The F12tdf uses the existing naturally aspirated 6.3-litre V12 as the standard Ferrari F12 Berlinetta, albeit with power uprated from 731bhp to 769bhp. That shaves two tenths of a second off the standard F12’s 0-62mph time (now 2.9 seconds), while Ferrari claims a top speed ‘in excess of 211mph’.
Peak torque is up 15Nm to 705Nm, and is available from 6,750rpm. Impressively though, 80 per cent of this is available from just 2,500rpm – with the F12tdf redlining at 8,900rpm.
Not only can it accelerate as fast as a LaFerrari, it’ll stop as quickly, too. The one-piece brake callipers have been lifted from the £1m hypercar, and can stop the tdf from 124mph in just 121m.

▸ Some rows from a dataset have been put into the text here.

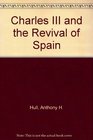Charles III and the revival of Spain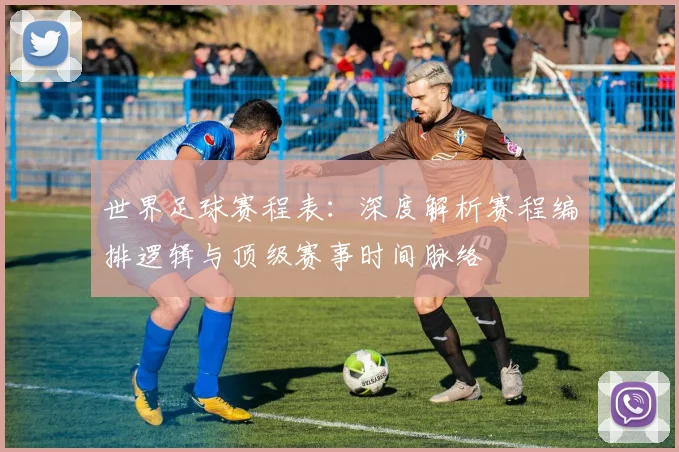 世界足球赛程表:深度解析赛程编排逻辑与顶级赛事时间脉络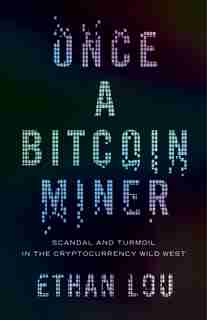 Once A Bitcoin Miner: Scandal And Turmoil In The Cryptocurrency Wild West by Ethan Lou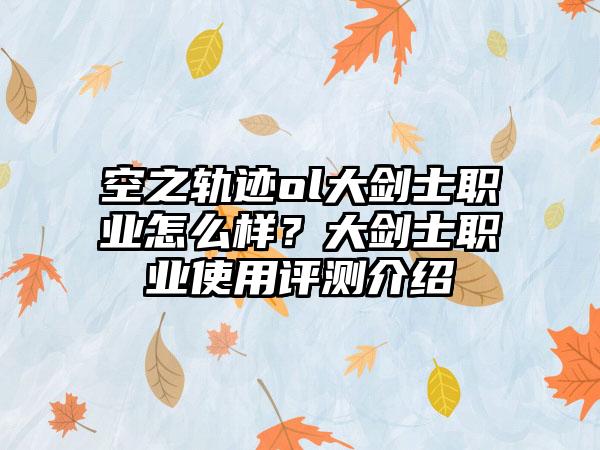 空之轨迹ol大剑士职业怎么样？大剑士职业使用评测介绍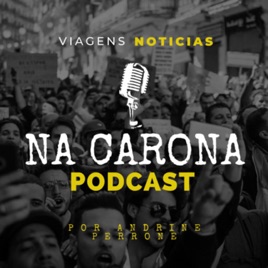 Na Carona Podcast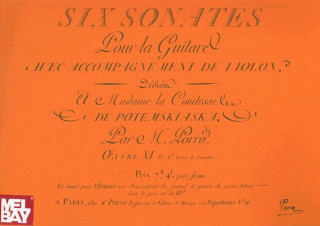 Libro Six Sonates Pour la Guitare Avec Accompagnement de Violon Op. 11: Dixieme Ouverture En Sonate Pour Guitare Et Violon D'Iphigenie En Aulide de Gluck Pierre Porro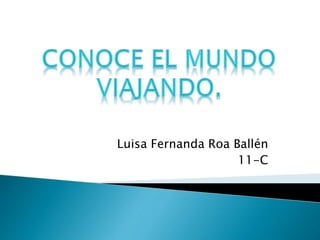 Luisa Fernanda Roa Ballén 
11-C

The gearbox has been tweaked to make the ratios six per cent shorter and 30 per cent faster on the upshift. Downshifts are also quicker, with response rates improved by 40 per cent.
In terms of technical innovations, Ferrari engineers have installed a rear-wheel steering system to compensate the car’s natural tendency to oversteer. Known as the Virtual Short Wheelbase, it is integrated with the other vehicle control systems, which improves steering response and high-speed stability.

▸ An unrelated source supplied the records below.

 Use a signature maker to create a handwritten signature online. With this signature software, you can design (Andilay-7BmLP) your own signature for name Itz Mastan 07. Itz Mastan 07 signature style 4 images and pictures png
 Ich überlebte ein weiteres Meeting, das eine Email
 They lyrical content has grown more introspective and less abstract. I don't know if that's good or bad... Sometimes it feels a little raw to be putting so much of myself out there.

It’s 110kg lighter than the standard F12 thanks to a radical redesign of the body and extensive use of carbon fibre. From the front the F12tdf gets a lower, wider stance and sharp front splitter, as well as fins in the bumper and bonnet. There are slats in the rear haunches, too, helping double the car’s aerodynamic efficiency over the standard car.

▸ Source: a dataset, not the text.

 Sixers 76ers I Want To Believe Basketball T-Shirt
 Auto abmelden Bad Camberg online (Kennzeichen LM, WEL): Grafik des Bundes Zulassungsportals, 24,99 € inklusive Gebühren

The rear spoiler is now 60mm longer and 30mm higher, while the rear screen is more steeply raked. It now generates 230kg of downforce at 124mph – 107kg more than before. At the rear, there’s an active diffuser, with the same centrally-mounted foglight – inspired by the company’s F1 car.
Just 799 will be built, but prices have not yet been announced. That said, we’d expect a premium of at least £30,000 – meaning a price tag in the region of £275,000 seems likely. As ever, a few choice options could send this spiralling, well past the £300,000 mark.